When scanning or otherwise generating searchable electronic documents, information can be stored in a variety of file formats, such as a portable document format (PDF) and extensible markup language paper specification format (XPS), or the like. Some versions of electronic documents are searchable, such that a user is permitted to enter a term, and a software application searches the document and identifies any instances of the text term to the user. However, conventional searchable electronic document systems and methods require embedding one or more relatively large font definition files into the electronic document to enable searching. When the purpose of storing the document in image form, as a PDF or XPS document is to reduce file size, embedding a large font definition file runs contrary to the intended purpose of such applications.
Accordingly, there is an unmet need for systems and/or methods that facilitate overcoming the aforementioned deficiencies.

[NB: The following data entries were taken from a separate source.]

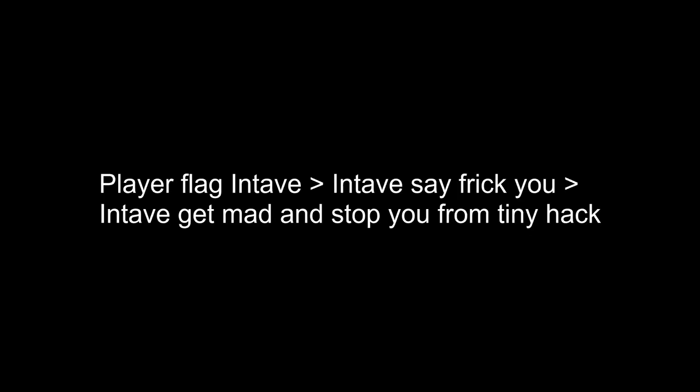The last thing I want to talk about is that Intave has a trust factor system. This means the more someone flags, the more sensitive Intave is going to be with the checks for that player.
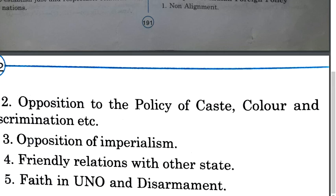Peaceful settlement of all international disputes is another principle of India's foreign policy. This principle has been included in the Constitution under Directive Principles of State Policy, as well as the UN Charter. Whether it is the Korean conflict, the Palestinian issue, the Kashmir problem, or border disputes with any neighboring country, India is always ready to settle all disputes with peaceful means. India has always opposed military intervention, including in the democratic uprisings in the Middle East.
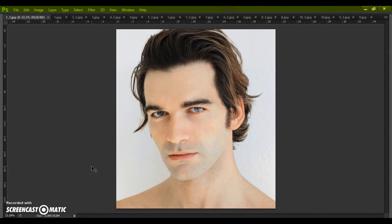Hello! Today I show you how to use the facial hair Photoshop action and here are some of the results that you can make with this action.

In accordance with various aspects described herein, systems and methods are described that facilitate minimizing additional font information embedded into a searchable electronic document image using a glyphless font technique. For example, a method of highlighting a searched term in an electronic document image comprises receiving a search query for a term in the document image, reading glyphless font size information embedded in the document image, and determining at least one dimension for a highlight block for the search term from the glyphless font size information. The method further comprises identifying the search term in the document image, and overlaying the highlight block on the identified search term.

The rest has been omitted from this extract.